(1.) The complainant in C.C. No. 1137/2004 on the file of the Judicial First Class Magistrate's Court-II (Mobile), Kottayam is the appellant. He challenges in this appeal the acquittal of the second respondent of offence punishable u/S.138 of the N.I. Act vide judgment passed by the first appellate court in Cri. A. No.552/06 in reversal of the judgment of conviction and sentence passed by the Magistrate in C.C. No. 1137/2004.
(2.) The first appellate court acquitted the second respondent holding that the trial of offence by the learned Magistrate namely the Judicial First Class Magistrate-II (Mobile), Kottayam was without jurisdiction and the conviction and sentence therefore is vitiated in view of S.461(1) of the Cr.P.C.

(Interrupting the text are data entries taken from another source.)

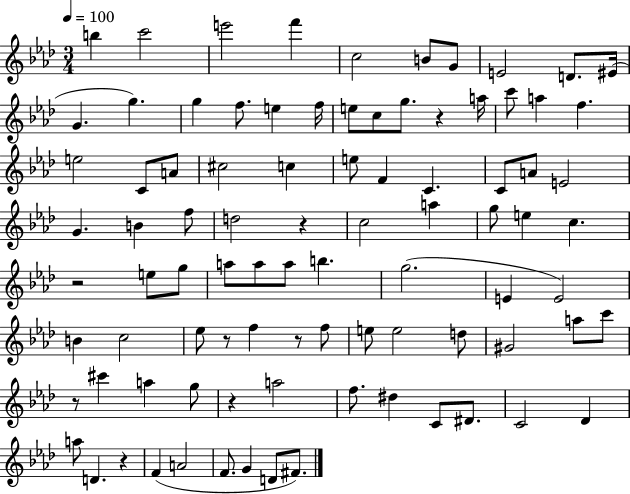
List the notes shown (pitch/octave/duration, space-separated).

B5/q C6/h E6/h F6/q C5/h B4/e G4/e E4/h D4/e. EIS4/s G4/q. G5/q. G5/q F5/e. E5/q F5/s E5/e C5/e G5/e. R/q A5/s C6/e A5/q F5/q. E5/h C4/e A4/e C#5/h C5/q E5/e F4/q C4/q. C4/e A4/e E4/h G4/q. B4/q F5/e D5/h R/q C5/h A5/q G5/e E5/q C5/q. R/h E5/e G5/e A5/e A5/e A5/e B5/q. G5/h. E4/q E4/h B4/q C5/h Eb5/e R/e F5/q R/e F5/e E5/e E5/h D5/e G#4/h A5/e C6/e R/e C#6/q A5/q G5/e R/q A5/h F5/e. D#5/q C4/e D#4/e. C4/h Db4/q A5/e D4/q. R/q F4/q A4/h F4/e. G4/q D4/e F#4/e.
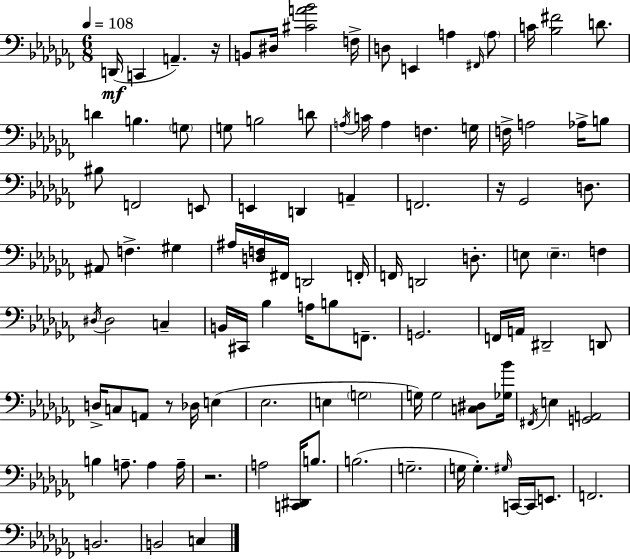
{
  \clef bass
  \numericTimeSignature
  \time 6/8
  \key aes \minor
  \tempo 4 = 108
  d,16(\mf c,4 a,4.--) r16 | b,8 dis16 <cis' a' bes'>2 f16-> | d8 e,4 a4 \grace { fis,16 } \parenthesize a8 | c'16 <bes fis'>2 d'8. | \break d'4 b4. \parenthesize g8 | g8 b2 d'8 | \acciaccatura { a16 } c'16 a4 f4. | g16 f16-> a2 aes16-> | \break b8 bis8 f,2 | e,8 e,4 d,4 a,4-- | f,2. | r16 ges,2 d8. | \break ais,8 f4.-> gis4 | ais16 <d f>16 fis,16 d,2 | f,16-. f,16 d,2 d8.-. | e8 \parenthesize e4.-- f4 | \break \acciaccatura { dis16 } dis2 c4-- | b,16 cis,16 bes4 a16 b8 | f,8.-- g,2. | f,16 a,16 dis,2-- | \break d,8 d16-> c8 a,8 r8 des16 e4( | ees2. | e4 \parenthesize g2 | g16) g2 | \break <c dis>8 <ges bes'>16 \acciaccatura { fis,16 } e4 <g, a,>2 | b4 a8.-- a4 | a16-- r2. | a2 | \break <c, dis,>16 b8. b2.( | g2.-- | g16 g4.-.) \grace { gis16 } | c,16~~ c,16 e,8. f,2. | \break b,2. | b,2 | c4 \bar "|."
}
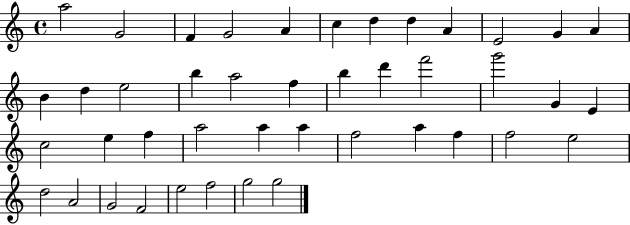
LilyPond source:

{
  \clef treble
  \time 4/4
  \defaultTimeSignature
  \key c \major
  a''2 g'2 | f'4 g'2 a'4 | c''4 d''4 d''4 a'4 | e'2 g'4 a'4 | \break b'4 d''4 e''2 | b''4 a''2 f''4 | b''4 d'''4 f'''2 | g'''2 g'4 e'4 | \break c''2 e''4 f''4 | a''2 a''4 a''4 | f''2 a''4 f''4 | f''2 e''2 | \break d''2 a'2 | g'2 f'2 | e''2 f''2 | g''2 g''2 | \break \bar "|."
}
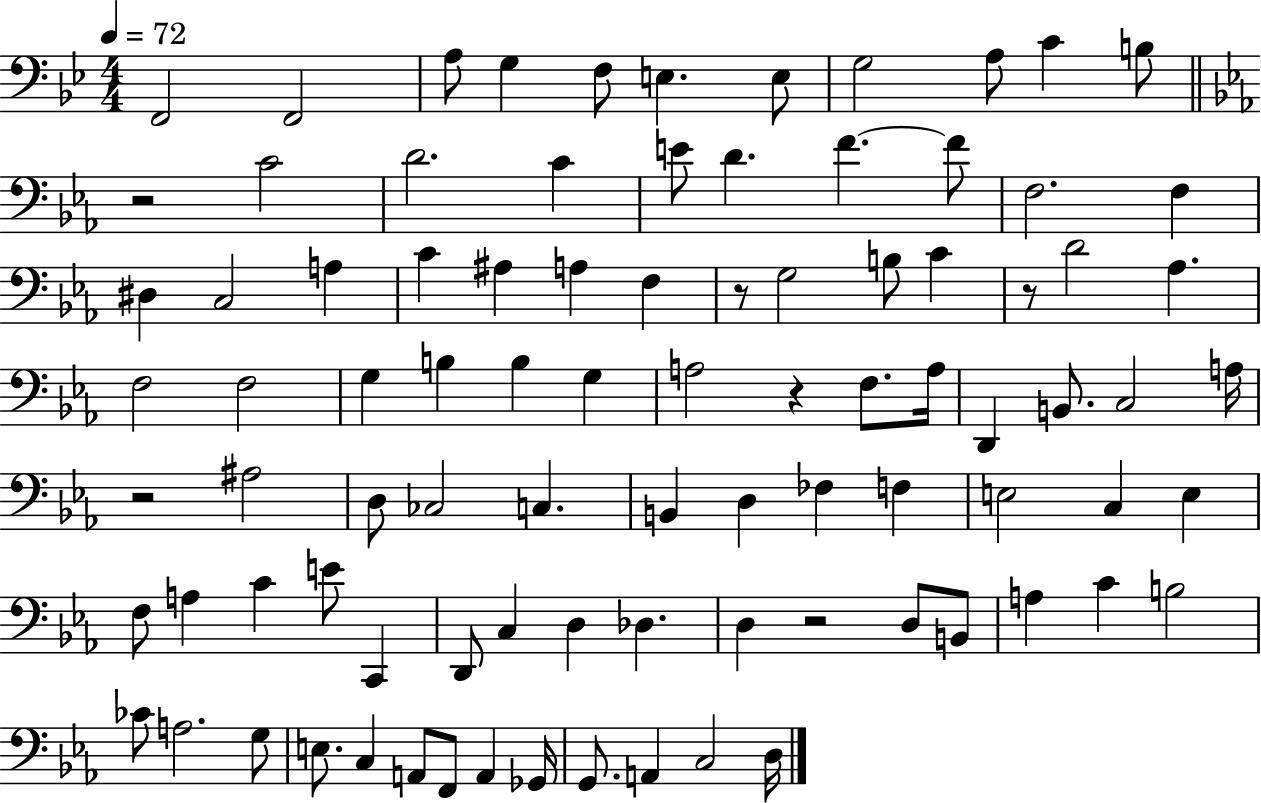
{
  \clef bass
  \numericTimeSignature
  \time 4/4
  \key bes \major
  \tempo 4 = 72
  f,2 f,2 | a8 g4 f8 e4. e8 | g2 a8 c'4 b8 | \bar "||" \break \key ees \major r2 c'2 | d'2. c'4 | e'8 d'4. f'4.~~ f'8 | f2. f4 | \break dis4 c2 a4 | c'4 ais4 a4 f4 | r8 g2 b8 c'4 | r8 d'2 aes4. | \break f2 f2 | g4 b4 b4 g4 | a2 r4 f8. a16 | d,4 b,8. c2 a16 | \break r2 ais2 | d8 ces2 c4. | b,4 d4 fes4 f4 | e2 c4 e4 | \break f8 a4 c'4 e'8 c,4 | d,8 c4 d4 des4. | d4 r2 d8 b,8 | a4 c'4 b2 | \break ces'8 a2. g8 | e8. c4 a,8 f,8 a,4 ges,16 | g,8. a,4 c2 d16 | \bar "|."
}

(3.) The finding that the learned Magistrate was not having jurisdiction was entered into by the first appellate court on the basis of the decision of this Court in Ahammedkutty Haji v. State of Kerala, 2007 1 KerLT 68 The decision of this Court in Ahammedkutty Haji's case is one rendered without following the decision of the Apex Court in Bhaskaran v. Balan, 1999 3 KerLT 440. In the light of the decision of the Apex Court, the decision of this Court was not to be followed especially when there was specific finding in the decision rendered by the Apex Court to the effect that the place from where notice was issued in writing to the drawer of the cheque demanding payment of the cheque amount also is a place where part of cause of action arises. Hence, the finding of the first appellate court that the Trial Court was not having jurisdiction for the reason that it is only giving of notice in writing to the drawer of the cheque demanding payment of the cheque amount that has taken place within the territorial jurisdiction of the Magistrate and therefore, there is no jurisdiction for the Magistrate to take cognizance of the offence is incorrect and deserves to be set aside. Further, it is also worthy to note that the learned Magistrate had tried and disposed of the case on merits. Objection to territorial jurisdiction is a contention that has to he raised at the earliest point of time and not after conviction is entered into by the Magistrate who tried the offence without any objection raised by the accused as regards its jurisdiction. Further, it is worthy to note that u/S.462 of Cr.P.C. the finding sentence or order of any criminal court cannot be set aside merely on the ground that the enquiry or trial has taken place in a wrong sessions division, district, sub-division or other local area unless it appears that such error has in fact occasioned a failure of justice. Even the counsel for the second respondent has no case that failure of justice has occasioned by reason of trial having taken place in the court of the Judicial First Class Magistrate-II (Mobile), Kottayam. For all the above reasons the judgment of the first appellate court deserves to be set aside.